Spisi o teorijah romana
Keywords:
novel, literary theory, literary genre studies, Slovene novelSynopsis
Tomo Virk’s book O teorijah romana (On the Theories of the Novel) minutely examines four great and most resonant theories of the novel: two international and two national ones. It starts with a discussion of György Lukács’s theory, which exercised exceptional influence throughout the 20th century despite its severe limitations of the concept of the novel and hastiness in predicting the end of the genre. These problematic traits of the Hungarian theorist are interpreted by Virk in light of his overall course of thought. This course is characterised by an outwardly deeper break at the end of the Great War, but also by a continuity which helps explain the peculiarities of Lukács’s novel theory. The other international theory of equal significance and impact is Mikhail Bakhtin’s. Much broader than Lukács’s, it is different in other respects as well, drawing on the ideas of the Jena Romanticism rather than on the Huet-based tradition of reflections on the novel, and relying on cultural studies rather than on a philosophy oriented towards the Geistesgeschichte, history of ideas. Virk seeks to show and trace the ‘essence’ of Bakhtin’s definition of the novel, again pointing out the open issues.
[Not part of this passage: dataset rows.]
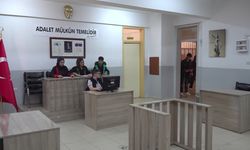 Sınıfta kurulan mahkemede hukuk öğreniyorlar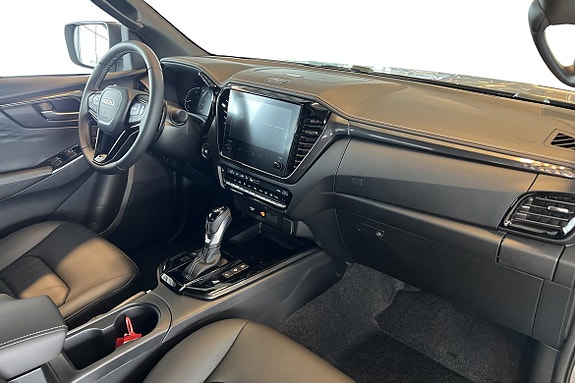 Isuzu D-max 9 of 25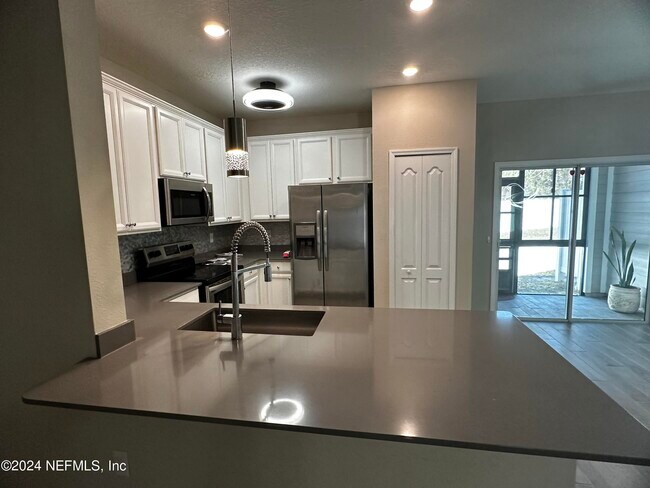Building Photo - 7371 Palm Hills Dr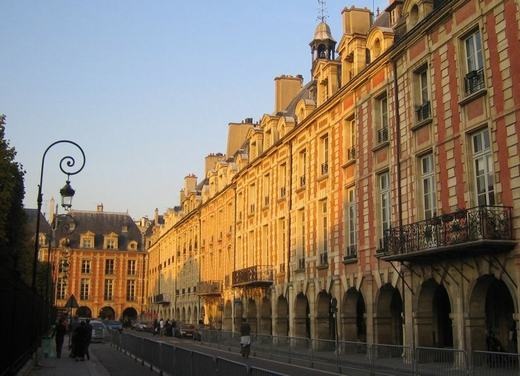 Place des Vosges-houses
Still closer examination is afforded to the two Slovenian theories of the novel, authored by Dušan Pirjevec and Janko Kos. Both Slovenian theorists develop not only a general theory of the novel but also a separate theory of the Slovenian novel, though the latter remains a draft in the case of Pirjevec. While Pirjevec and Kos agree in identifying the specifics of the Slovenian novel, their theories still diverge in significant ways. In its philosophy, Pirjevec’s theory is based on Heidegger, while its literary criticism relies on Lukács’s theory of the novel but turns out to be even more reductive. Much more scientific is Kos’s theory of the novel, the broadest and most realistic of the four because it takes into account the observation about the openness of the genre and does not seek to cram the novel’s ‘essence’ in a too-narrow frame, as do the other three.